▶ **WORK ITEM**
Restate word for word the lines of the entries below, starting with the line that holds "Rufnummer 01512417969 Telefonnummer" and ending with the line that holds "0t车型▲荣威rx5 max前排座椅▲观致7前排座椅光看内饰,就普通人的观", and no others.

▶ **THE INPUT**
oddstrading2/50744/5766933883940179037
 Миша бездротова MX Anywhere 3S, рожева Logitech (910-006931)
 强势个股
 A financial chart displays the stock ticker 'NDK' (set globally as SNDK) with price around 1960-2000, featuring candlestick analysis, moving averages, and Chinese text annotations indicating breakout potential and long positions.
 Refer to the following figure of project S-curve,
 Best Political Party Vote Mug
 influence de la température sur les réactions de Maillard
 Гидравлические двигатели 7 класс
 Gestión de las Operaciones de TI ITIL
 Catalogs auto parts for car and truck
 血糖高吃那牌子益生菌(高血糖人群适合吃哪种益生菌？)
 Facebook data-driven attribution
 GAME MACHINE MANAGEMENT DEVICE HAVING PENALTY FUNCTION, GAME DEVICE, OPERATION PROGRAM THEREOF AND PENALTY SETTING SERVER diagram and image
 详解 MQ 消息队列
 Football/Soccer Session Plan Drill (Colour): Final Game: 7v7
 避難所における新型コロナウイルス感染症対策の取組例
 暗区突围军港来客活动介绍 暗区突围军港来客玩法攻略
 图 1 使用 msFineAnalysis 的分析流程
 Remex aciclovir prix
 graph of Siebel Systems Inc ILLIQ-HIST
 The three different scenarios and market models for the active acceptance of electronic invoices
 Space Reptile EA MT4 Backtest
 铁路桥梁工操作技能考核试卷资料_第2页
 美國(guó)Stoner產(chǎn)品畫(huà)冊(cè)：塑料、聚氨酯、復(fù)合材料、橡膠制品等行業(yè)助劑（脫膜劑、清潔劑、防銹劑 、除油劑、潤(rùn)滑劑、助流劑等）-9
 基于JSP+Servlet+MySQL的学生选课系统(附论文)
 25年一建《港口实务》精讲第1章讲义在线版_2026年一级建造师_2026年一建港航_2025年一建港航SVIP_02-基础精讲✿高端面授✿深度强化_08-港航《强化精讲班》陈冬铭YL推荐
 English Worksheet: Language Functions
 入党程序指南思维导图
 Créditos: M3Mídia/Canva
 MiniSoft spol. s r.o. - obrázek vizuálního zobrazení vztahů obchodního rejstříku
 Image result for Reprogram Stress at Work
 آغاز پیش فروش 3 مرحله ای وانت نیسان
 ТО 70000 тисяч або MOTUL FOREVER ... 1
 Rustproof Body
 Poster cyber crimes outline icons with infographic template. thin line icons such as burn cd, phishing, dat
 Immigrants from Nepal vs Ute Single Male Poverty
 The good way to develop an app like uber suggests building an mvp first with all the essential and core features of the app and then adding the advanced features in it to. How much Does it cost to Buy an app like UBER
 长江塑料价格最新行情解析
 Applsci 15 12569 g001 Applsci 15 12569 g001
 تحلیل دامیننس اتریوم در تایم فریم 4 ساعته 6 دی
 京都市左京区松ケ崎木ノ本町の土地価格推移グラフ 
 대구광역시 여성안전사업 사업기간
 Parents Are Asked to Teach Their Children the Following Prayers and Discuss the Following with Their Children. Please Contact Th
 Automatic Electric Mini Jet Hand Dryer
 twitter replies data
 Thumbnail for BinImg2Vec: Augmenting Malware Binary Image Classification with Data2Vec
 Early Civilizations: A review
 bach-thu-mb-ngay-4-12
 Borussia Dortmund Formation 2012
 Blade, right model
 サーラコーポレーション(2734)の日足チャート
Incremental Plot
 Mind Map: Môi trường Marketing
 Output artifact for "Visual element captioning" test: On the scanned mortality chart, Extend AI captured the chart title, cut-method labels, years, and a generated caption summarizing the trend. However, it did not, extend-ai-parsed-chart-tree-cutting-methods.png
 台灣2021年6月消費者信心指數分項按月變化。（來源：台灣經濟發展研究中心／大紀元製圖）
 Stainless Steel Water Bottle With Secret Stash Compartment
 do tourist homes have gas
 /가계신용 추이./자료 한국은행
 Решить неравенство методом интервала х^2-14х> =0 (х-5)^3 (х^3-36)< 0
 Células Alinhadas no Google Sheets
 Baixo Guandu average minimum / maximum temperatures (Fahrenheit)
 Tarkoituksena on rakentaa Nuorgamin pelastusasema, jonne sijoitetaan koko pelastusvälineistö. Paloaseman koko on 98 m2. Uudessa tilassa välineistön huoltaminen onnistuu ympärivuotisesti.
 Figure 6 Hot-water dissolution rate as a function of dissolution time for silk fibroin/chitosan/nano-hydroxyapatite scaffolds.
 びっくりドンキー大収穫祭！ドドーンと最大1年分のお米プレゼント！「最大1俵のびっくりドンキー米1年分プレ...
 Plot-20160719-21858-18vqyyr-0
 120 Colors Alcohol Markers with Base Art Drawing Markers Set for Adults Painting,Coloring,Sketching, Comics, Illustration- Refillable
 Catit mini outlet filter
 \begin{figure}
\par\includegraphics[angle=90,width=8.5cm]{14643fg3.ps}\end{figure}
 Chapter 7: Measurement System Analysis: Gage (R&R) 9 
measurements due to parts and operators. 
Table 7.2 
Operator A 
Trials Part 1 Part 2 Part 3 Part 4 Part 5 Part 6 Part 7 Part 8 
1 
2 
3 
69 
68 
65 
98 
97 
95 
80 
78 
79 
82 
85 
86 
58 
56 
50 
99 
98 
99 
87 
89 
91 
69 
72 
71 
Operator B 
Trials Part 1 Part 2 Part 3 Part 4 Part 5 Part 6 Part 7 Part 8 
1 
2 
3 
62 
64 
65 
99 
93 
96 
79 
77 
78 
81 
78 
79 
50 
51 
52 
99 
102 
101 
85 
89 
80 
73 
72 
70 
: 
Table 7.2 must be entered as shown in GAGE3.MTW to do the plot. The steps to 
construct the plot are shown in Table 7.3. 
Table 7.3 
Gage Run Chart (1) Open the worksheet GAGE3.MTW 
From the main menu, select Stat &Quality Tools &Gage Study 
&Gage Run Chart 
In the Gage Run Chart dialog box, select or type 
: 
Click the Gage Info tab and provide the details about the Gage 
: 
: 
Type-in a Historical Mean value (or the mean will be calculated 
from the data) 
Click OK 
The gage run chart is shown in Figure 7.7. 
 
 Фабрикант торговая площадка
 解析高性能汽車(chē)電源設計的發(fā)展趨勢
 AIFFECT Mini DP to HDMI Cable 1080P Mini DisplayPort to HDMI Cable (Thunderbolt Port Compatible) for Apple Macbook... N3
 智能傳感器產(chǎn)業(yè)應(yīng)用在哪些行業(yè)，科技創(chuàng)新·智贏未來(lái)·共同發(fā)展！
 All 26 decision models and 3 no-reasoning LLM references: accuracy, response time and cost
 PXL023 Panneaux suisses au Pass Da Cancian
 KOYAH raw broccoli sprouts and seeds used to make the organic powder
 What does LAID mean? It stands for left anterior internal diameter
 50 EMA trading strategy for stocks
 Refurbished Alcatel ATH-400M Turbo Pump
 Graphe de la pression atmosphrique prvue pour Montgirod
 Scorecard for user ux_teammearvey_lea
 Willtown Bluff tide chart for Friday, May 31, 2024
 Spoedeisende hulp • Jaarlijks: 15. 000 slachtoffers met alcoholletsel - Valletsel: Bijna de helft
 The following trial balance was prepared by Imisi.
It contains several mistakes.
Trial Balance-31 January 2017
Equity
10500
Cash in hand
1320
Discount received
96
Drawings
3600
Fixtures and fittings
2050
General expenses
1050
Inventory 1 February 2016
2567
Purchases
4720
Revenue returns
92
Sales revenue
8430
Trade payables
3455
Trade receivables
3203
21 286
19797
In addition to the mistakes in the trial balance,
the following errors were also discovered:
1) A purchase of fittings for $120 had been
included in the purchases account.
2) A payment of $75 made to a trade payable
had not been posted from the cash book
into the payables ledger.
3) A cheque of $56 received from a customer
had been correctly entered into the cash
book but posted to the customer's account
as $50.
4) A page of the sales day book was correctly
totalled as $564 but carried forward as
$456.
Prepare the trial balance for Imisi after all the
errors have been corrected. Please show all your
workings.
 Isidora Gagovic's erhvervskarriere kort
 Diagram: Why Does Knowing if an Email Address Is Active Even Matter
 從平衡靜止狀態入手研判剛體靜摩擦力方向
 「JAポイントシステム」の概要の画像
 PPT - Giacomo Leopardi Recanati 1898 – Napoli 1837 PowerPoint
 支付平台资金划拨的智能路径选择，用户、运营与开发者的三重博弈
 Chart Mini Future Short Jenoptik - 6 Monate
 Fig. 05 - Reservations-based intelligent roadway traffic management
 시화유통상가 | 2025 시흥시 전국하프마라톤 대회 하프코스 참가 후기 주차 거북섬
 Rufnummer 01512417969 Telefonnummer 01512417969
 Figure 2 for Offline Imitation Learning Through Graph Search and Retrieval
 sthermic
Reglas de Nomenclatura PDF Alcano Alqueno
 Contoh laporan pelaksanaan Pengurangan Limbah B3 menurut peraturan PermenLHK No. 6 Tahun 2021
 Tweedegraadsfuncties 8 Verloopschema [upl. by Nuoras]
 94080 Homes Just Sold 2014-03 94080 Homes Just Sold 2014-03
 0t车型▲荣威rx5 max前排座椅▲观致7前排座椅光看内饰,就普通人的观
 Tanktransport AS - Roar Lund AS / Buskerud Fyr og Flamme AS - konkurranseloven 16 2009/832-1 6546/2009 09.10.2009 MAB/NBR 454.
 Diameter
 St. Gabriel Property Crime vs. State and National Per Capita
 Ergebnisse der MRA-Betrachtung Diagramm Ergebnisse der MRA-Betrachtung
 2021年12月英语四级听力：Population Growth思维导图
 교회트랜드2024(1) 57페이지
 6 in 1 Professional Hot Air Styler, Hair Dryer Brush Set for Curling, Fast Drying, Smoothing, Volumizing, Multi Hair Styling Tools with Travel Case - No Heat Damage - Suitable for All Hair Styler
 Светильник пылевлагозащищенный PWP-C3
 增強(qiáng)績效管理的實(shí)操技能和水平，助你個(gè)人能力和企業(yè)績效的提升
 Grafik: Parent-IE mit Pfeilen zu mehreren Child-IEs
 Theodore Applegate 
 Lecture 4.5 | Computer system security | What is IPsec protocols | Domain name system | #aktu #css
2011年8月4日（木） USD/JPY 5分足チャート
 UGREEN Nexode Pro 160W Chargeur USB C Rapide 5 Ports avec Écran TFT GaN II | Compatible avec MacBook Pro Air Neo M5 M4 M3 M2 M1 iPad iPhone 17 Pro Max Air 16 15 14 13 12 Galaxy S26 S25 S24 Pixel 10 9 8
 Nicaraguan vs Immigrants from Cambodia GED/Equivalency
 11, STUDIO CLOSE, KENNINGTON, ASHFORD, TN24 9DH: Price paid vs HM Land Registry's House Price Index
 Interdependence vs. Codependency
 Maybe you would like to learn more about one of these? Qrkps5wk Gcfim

▶ **SOLUTION**
 Rufnummer 01512417969 Telefonnummer 01512417969
 Figure 2 for Offline Imitation Learning Through Graph Search and Retrieval
 sthermic
Reglas de Nomenclatura PDF Alcano Alqueno
 Contoh laporan pelaksanaan Pengurangan Limbah B3 menurut peraturan PermenLHK No. 6 Tahun 2021
 Tweedegraadsfuncties 8 Verloopschema [upl. by Nuoras]
 94080 Homes Just Sold 2014-03 94080 Homes Just Sold 2014-03
 0t车型▲荣威rx5 max前排座椅▲观致7前排座椅光看内饰,就普通人的观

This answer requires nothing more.